When I read “How I Edited an Agricultural Paper (first published July, 1870), my first impression was how well it applied to our current fact-challenged times. Twain did write for a variety of small newspapers and magazines, so I suspect there is a seed of truth upon which the story is based. It begins as the narrator temporarily fills in for the editor of an agricultural newspaper, who goes on vacation. Upon his return, the editor reacts indignantly to what his temp has written in his absence: about turnips growing on trees, the “moulting season for cows,” that “the pumpkin, as a shade tree, is a failure,” and discussing oyster beds under the heading of landscape gardening. Twain comes right back at the editor in equally indignant terms, claiming that he his articles have greatly increased the newspaper’s circulation (as fascinated readers clamored to find out what the new guy would write next). Twain’s final rebuttal to the editor makes this story as fresh as the day it was written: “… I tell you that the less a man knows the bigger noise he makes and the higher salary he commands.” Remind you of any “news” commentator or talking head you know?
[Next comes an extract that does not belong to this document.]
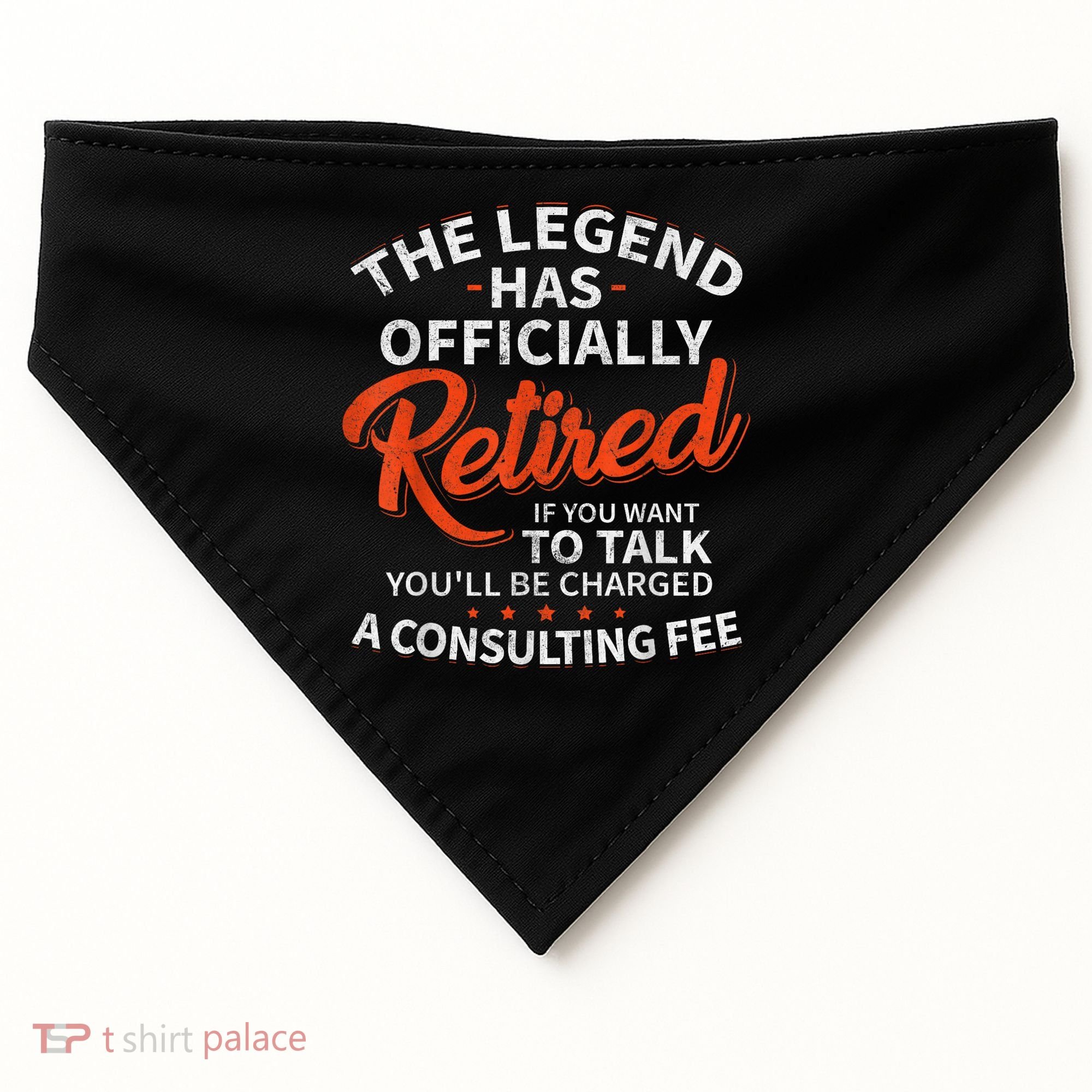 Legend Has Retired Men S Party USA-Made Doggie Bandana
“The Story of the Good Little Boy Who Did Not Prosper” (first published May, 1870) tells the story of a boy named Jacob who “always obeyed his parents, no matter how absurd and unreasonable their demands were…” So right off the bat, with the title and opening line, we are given ample clues of the writer’s own attitudes toward childhood and the prevailing popular sentiments surrounding it. We learn in the story that Jacob read his Sunday-school books with great passion, and admired the little boys portrayed there. In fact, his greatest ambition was to be put in such a book himself. But no matter how hard he tried, nothing ever went right with him. He tried so hard to be good but, unlike the good little boys in the Sunday-school books, never got his reward. In his life, it was always the bad boys who came out on top. Finally, he encounters one such group of bad boys, as they tethered together a pack of dogs and were about to attach some empty cans of nitro-glycerine to their tails. Jacob happens to sit down on one of these cans and, well, you can see where this is going. I’ll leave it to you to find out what happens to poor Jacob. Let’s just say, it was not a pretty sight. Twain concludes, “His case is truly remarkable. It will probably never be accounted for.”
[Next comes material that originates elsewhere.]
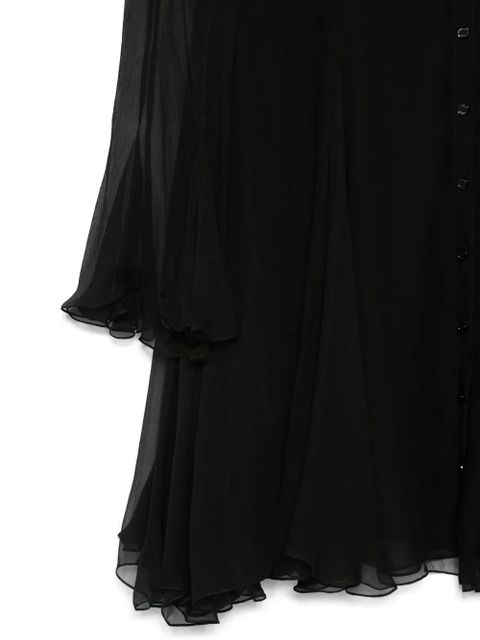 Chloé ruffled mini dress - Black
Last but not least of my favorite Twain stories is “Cannibalism in the Cars (first published November, 1868). On a train to St. Louis, the narrator tells of meeting a stranger, a “mild, benevolent-looking gentleman,” who sits down beside him and relates a “strange adventure, speaking sometimes with animation, sometimes with melancholy, but always with feeling and earnestness.” (I love that introduction. Not only does it set the mood for the story, but it’s an apt description of the way the author himself wrote and spoke.) The stranger relates the events of an evening train ride from St. Louis to Chicago. Aboard were twenty-four passengers, all male. Later that evening, it begins to snow hard, and eventually the train comes to a complete halt, trapped in the middle of nowhere by a huge snow-drift. Days go by, and the men get hungrier and hungrier. They have plenty of wood aboard with which to keep warm, but not a lick of food. On the seventh day, one of the men makes a grim announcement: “Gentlemen,—It cannot be delayed any longer! The time is at hand! We must determine which of us shall die to furnish food for the rest!” The methodical manner by which one of them is elected, with the passengers voting on the issue as if they were members of Congress, is hysterical. It also demonstrates my long held opinion that no topic, no matter how repugnant or unthinkable, is taboo for a humorist. Remember this story was written when the tragic fate of the Donner Party (1847) was still fresh in people’s minds. At last, the train survivors sit down to their gruesome feast, “with hearts full of gratitude to the finest supper that had blessed our vision for seven torturing days.” In delicious detail the stranger recounts the culinary qualities of the man they had just consumed as well as the others to follow (yes, they went on to elect and eat others). I will leave it to you, dear reader, to see how the writer could possibly end such a tale. Bon appétit!